*** Opening of Collected material ***
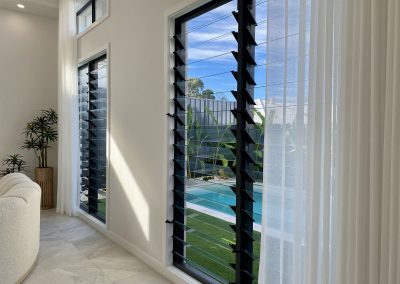 Enjoy outdoor views through Breezway Louvre Windows featured inside the La Casa Eden Display Home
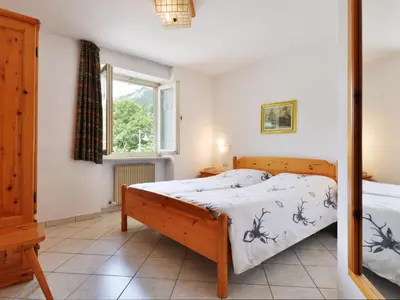 a bedroom with a bed and a window at Apartment Villa Placidia Apt 22 by Interhome in Campitello di Fassa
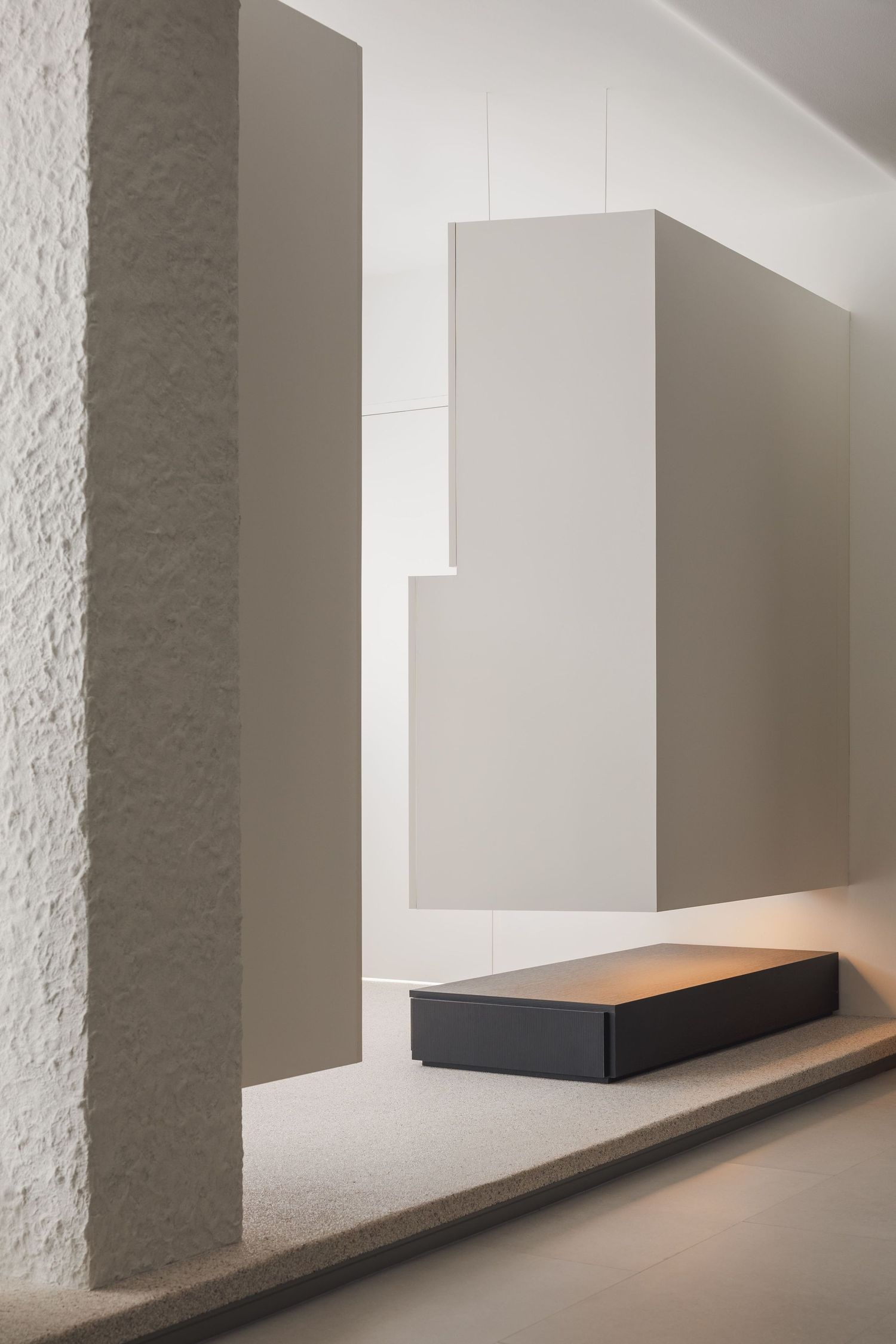 Minimalist interior with textured stone column, geometric beige wall panels, and a sleek dark rectangular object on a raised platform.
*** Close of Collected material ***
▸ Assignment: An exact copy of the listing above, minus its pictures, is what is needed here.

▸ Answer for this exercise:
 Enjoy outdoor views through Breezway Louvre Windows featured inside the La Casa Eden Display Home
 a bedroom with a bed and a window at Apartment Villa Placidia Apt 22 by Interhome in Campitello di Fassa
 Minimalist interior with textured stone column, geometric beige wall panels, and a sleek dark rectangular object on a raised platform.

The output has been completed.